Ubuntu DNS Resolution Failure: Why resolv.conf Doesn’t Fall Back to Secondary Nameservers


2 views

When working with multiple DNS nameservers in Ubuntu (particularly older versions like 10.04), you might encounter a frustrating behavior where the system fails to query subsequent nameservers when the primary one doesn't respond with a positive answer. This manifests when:

# Primary NS responds with NXDOMAIN for private zone
$ host host.private.example.org 10.0.0.20
Host host.private.example.org not found: 3(NXDOMAIN)

# Secondary NS has the record but never gets queried
$ host host.private.example.org 10.0.0.30
host.private.example.org has address 10.0.0.60

The issue stems from how the GNU C Library (glibc) resolver handles NXDOMAIN responses. When the first nameserver returns NXDOMAIN (non-existent domain), glibc treats this as a definitive answer and stops querying other nameservers. This differs from SERVFAIL scenarios where it would properly fail over.

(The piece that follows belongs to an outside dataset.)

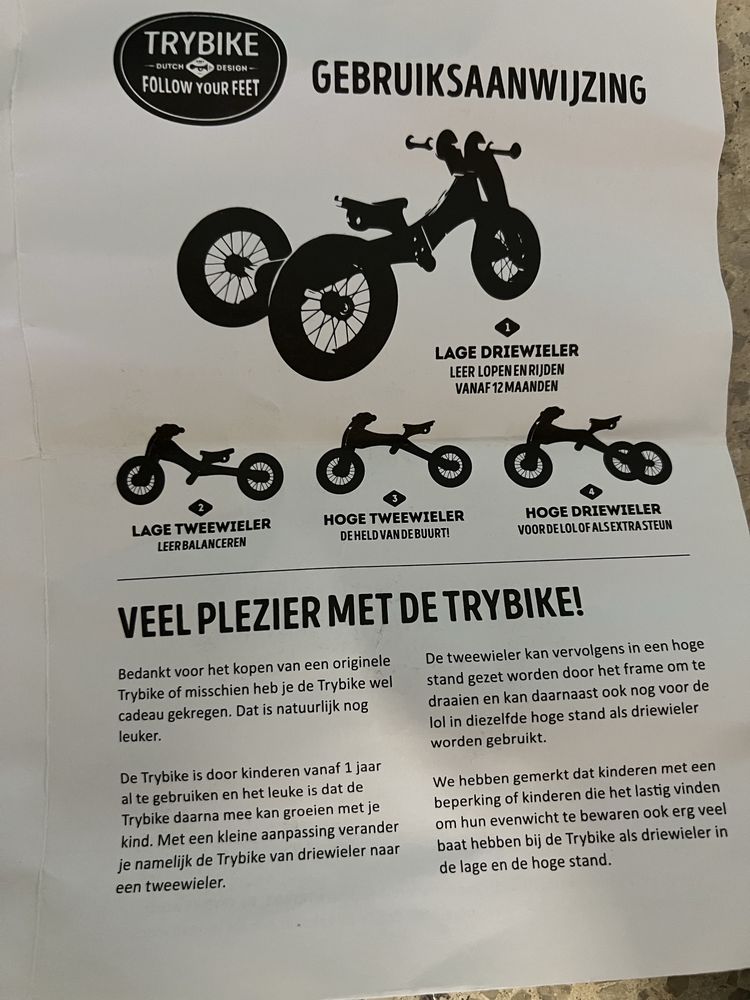 Triciclo/bicicleta de equilíbrio.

Key points about this behavior:

  • Affects all glibc-based applications (ping, host, Thunderbird, etc.)
  • Network Manager merely generates the resolv.conf file
  • More noticeable with split DNS configurations

Option 1: Use a Local DNS Caching Resolver

Configure a local resolver like dnsmasq or unbound that can properly handle multiple upstream servers:

# Install dnsmasq
sudo apt-get install dnsmasq

# Configure /etc/dnsmasq.conf
server=/public.example.org/10.0.0.20
server=/private.example.org/10.0.0.30

Option 2: Modify Resolver Timeout Settings

Adjust timeout and retry values in /etc/resolv.conf (requires disabling NetworkManager overwrites):

options timeout:1 attempts:3 rotate
nameserver 10.0.0.20
nameserver 10.0.0.30

Option 3: Conditional Forwarding with BIND

For advanced setups, configure a local BIND instance:

zone "public.example.org" {
    type forward;
    forwarders { 10.0.0.20; };
};

zone "private.example.org" {
    type forward;
    forwarders { 10.0.0.30; };
};

For newer Ubuntu versions (17.10+), systemd-resolved offers better handling:

# Configure with resolvectl
resolvectl dns example.org 10.0.0.20 10.0.0.30
resolvectl domain example.org ~public.example.org ~private.example.org

Remember that these solutions may require adjusting your firewall rules to allow DNS traffic between your local resolver and the upstream servers.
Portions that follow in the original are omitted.